“While there is still plenty to argue about in the President’s proposal, the new budget does back several common-ground initiatives to curb health care costs that have been previously endorsed by key Republican lawmakers. Now the question is whether Congress can take yes for an answer and do something about the rising cost of health care.
SGR Reform and Physician Payment Reform: The President’s budget applauds last year’s bipartisan, bicameral legislation to repeal the SGR and promote new alternative payment models, and echoes calls from top Republican committee chairmen to finish the job this year.
Episodic bundling and PAC reforms: The budget embraces episodic bundling initiatives similar to proposals advanced by Republican lawmakers that would encourage providers to deliver the right care at the most affordable cost.

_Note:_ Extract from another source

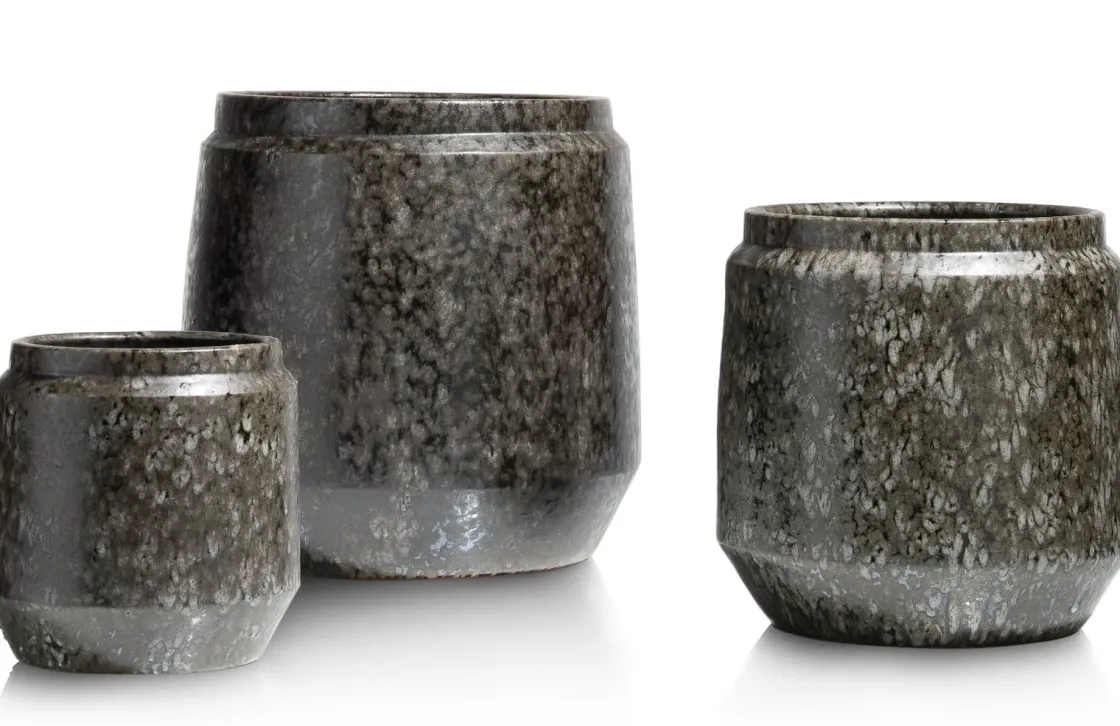 XOOON Dalila pot H36cm in de kleur Zwart - COCOmaison^ Woonaccessoires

Health Care Price and Quality Transparency: The budget backs new data transparency reforms—similar to those championed by Representative Paul Ryan and Senator John Thune—that would enable consumer transparency tools to draw on Medicare’s storehouse of quality and cost data.
Sequester Relief: The budget ends blunt-force sequestration cuts to tobacco prevention, diabetes prevention, and medical and nursing education—all programs that are vital to taming cost growth over the long-term. These cuts are replaced by hundreds of billions of savings through more targeted proposals.
The budget includes less helpful ideas as well. Administration proposals to dial up means testing and increase Medicare Part B deductibles merely shift costs to beneficiaries. Such proposals may have some bipartisan support, but they do nothing to address the waste and inefficiency that are driving health care costs. When there are billions in real efficiencies to be found through constructive policy change, cost-shifting to seniors and the disabled is not the right way to achieve savings.
That said, we now know that SGR reform, improving value in Medicare, transparency, and sequester relief are on the to-do lists of both the Administration and key Republicans. Maybe, just maybe, that could mean a little relief from the rising burden of health care costs is achievable this Congress.”